Ellery looked thoughtful. “Any trace of the pilot yet?”
“Damned shadow simply vanished. We’re still plugging along on it. I’ve sort of become discouraged myself.” He eyed Ellery. “Did you know I’ve cleared Alessandro?”
“Cleared?” Ellery elevated his brows.
“That hundred and ten grand Jack owed him was really paid. No doubt about it.”
“Was there ever any?”
The Inspector looked suspicious. “You knew it!”
“As a matter of fact, I did. How did you find out?”
“Checked over bank accounts. Found that Jack had cashed a check for a hundred and ten thousand dollars in the bank on the morning of Thursday, the fourteenth.”

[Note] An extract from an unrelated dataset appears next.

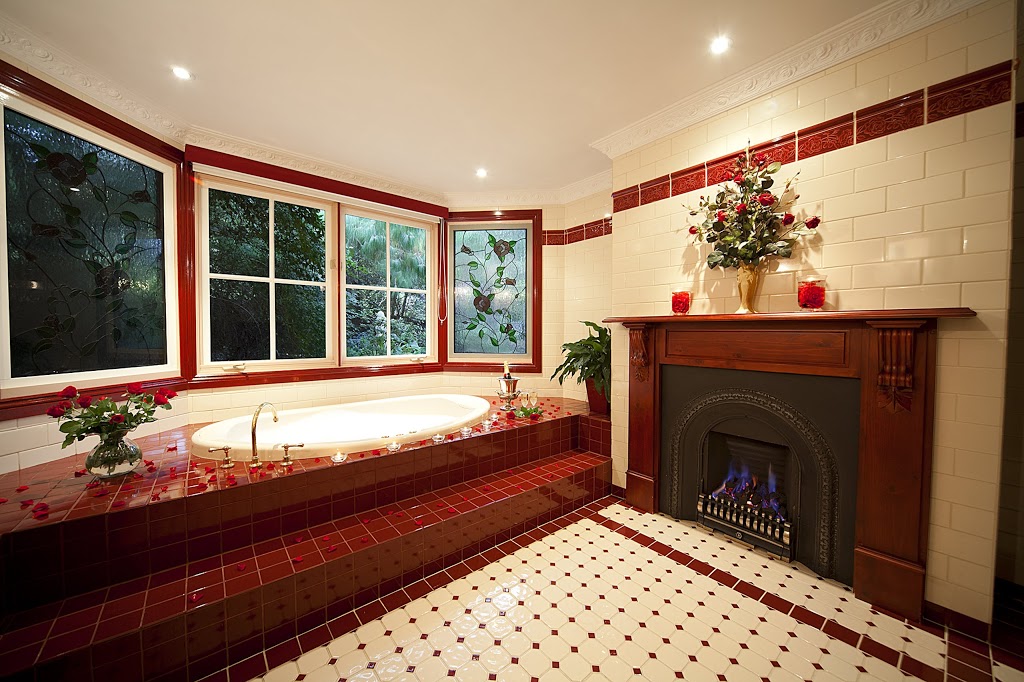 Leura Rose - Blue Mountains Luxury Accommodation | 17 Woodford St, Leura NSW 2780, Australia | Phone: 1300 721 321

“Not his bank, surely; they wouldn’t honor a check of that size for him so quickly. Tolland Stuart’s bank?”
“How’d you know that?” exploded Glücke.
“Guessed. I do know the check was signed by old man Stuart and was dated the thirteenth. I know because I asked the terrible-tempered old coot just yesterday.”
“How come Stuart forked over all that dough to Jack? Jack didn’t mean anything to him. Or did he?”
“I think not. It was Blythe’s work. She took Jack with her that Wednesday to see her father, pleaded for the money for Jack’s sake, not for her own. He says he gave it to her to get rid of both of them.”
“Sounds screwy enough to be true. Even if it wasn’t the reason, the signature’s genuine; we know the old gent did make out a check for that amount.”
“Anything else turn up?”
“Nope. Our leads on Jack’s lady-friends petered out; every one of ’em had an alibi. And the poison — not a trace.” Ellery drummed on the arm of his chair. Glücke scowled. “But this frame-up, now. If Ty’s being framed, this last card was an awful dumb one to send the girl! What kind of cluck are we dealing with, anyway?”
“A cluck who puts morphine into people’s cocktails and sends ’em dumb messages. Perplexing, isn’t it?”